Data Transformation and Visualization
Data Science heavily involves cleansing, shaping and formatting your data before you can do the analysis. Data scientists typically spend more of their time finding and preparing data than refining models. Business analysts often have to wait weeks for their IT team to extract data from the source systems and curate relevant datasets before appropriate interrogation can take place.
Powerful Data Transformation libraries
R and Python have developed powerful libraries to explore your data specify a series of operations to transform data into the format and shape and definition preferred. The type of transformation available removes many of the limitations of working with spreadsheets, which generally can’t cope with data sets that are too large to fit in memory or even in a practical sense view. R and Python programming languages permit more complex operations based on a coherent syntax approach.
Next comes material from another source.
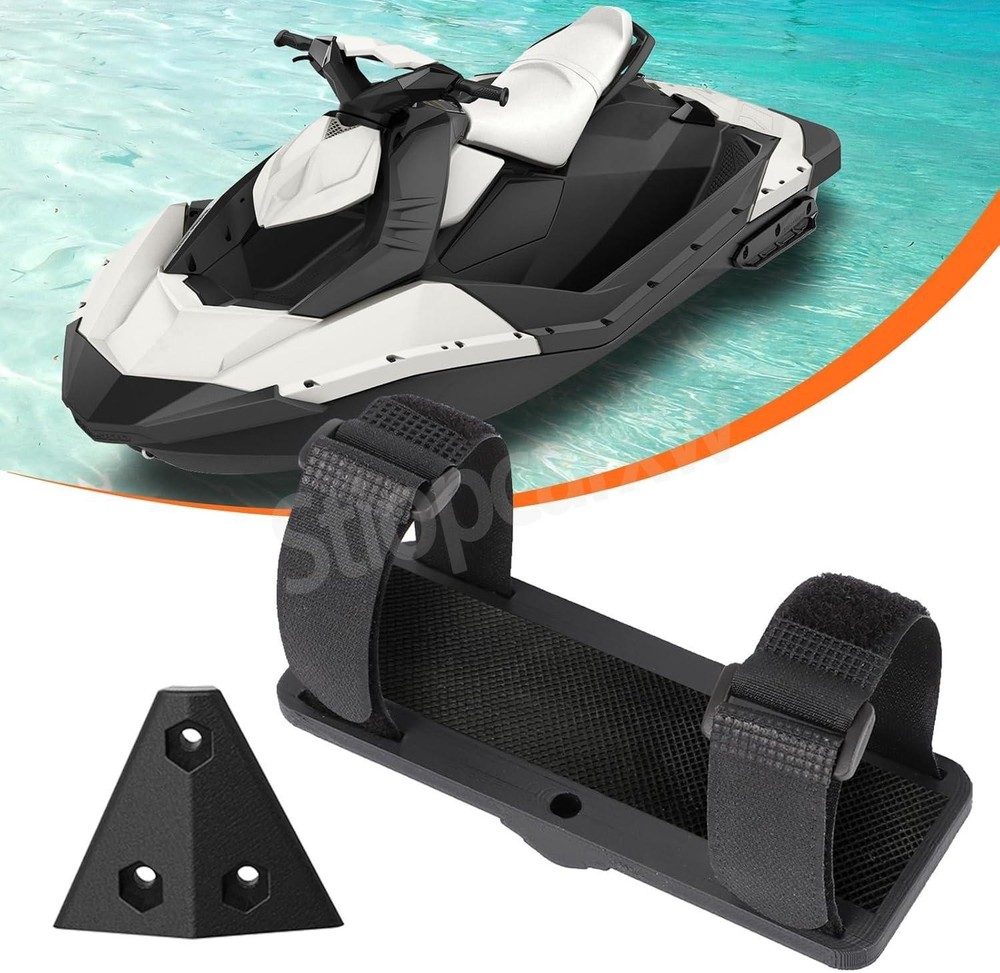 Bluetooth Portable Speaker Mount For 2014-23 Seadoo Spark/Spark Trixx Universal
Data visualization is the graphical representation of information. By making use of charts, graphs, and maps, data visualization tools provide an accessible way to view and appreciate trends, outliers, and patterns not always discernible from the native spreadsheet. Data visualization tools and technologies shrink Big Data to essential elements that can be distilled to make decision making empirically sensitive and nimble. Data Visualization tools in Excel are substantial especially if you can leverage R or Python. See below Amortization example where we wish to understand the decomposition of principal and interest on a mortgage overtime. The BERT add in for Excel allows spreadsheets to leverage the resources for R.
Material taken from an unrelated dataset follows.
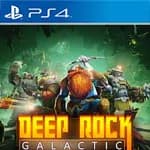 Deep Rock Galactic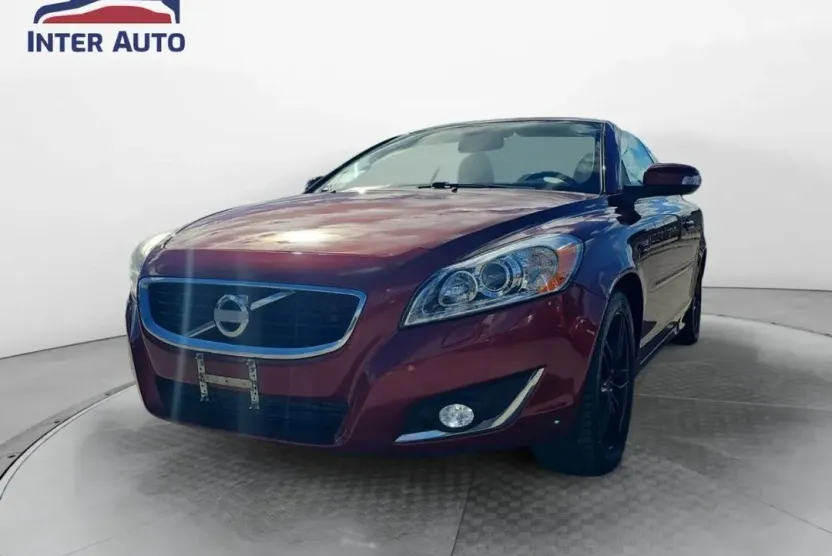 2013 Volvo C70 T5 photo 1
In following few pages we will use Diamond, MPG, NYCFlights13 and Titanic datasets and apply key R and Python libraries. We will engage in Exploratory Data Analysis (EDA) to summarize their main characteristics, often with visual methods. EDA provides rich information from data that reveals patterns that perhaps can be further investigated through formal modeling or hypothesis testing. John Tukey defined data analysis in 1961 as: "Procedures for analyzing data, techniques for interpreting the results of such procedures, ways of planning the gathering of data to make its analysis easier, more precise or more accurate, and all the machinery and results of (mathematical) statistics which apply to analyzing data."
Tukey's endorsement of EDA encouraged the development of statistical computing packages, especially S at Bell Labs. The S programming language inspired the systems 'S'-PLUS and R. This family of statistical-computing environments featured vastly improved dynamic visualization capabilities, which permitted data scientists to identify outliers, trends and patterns in data.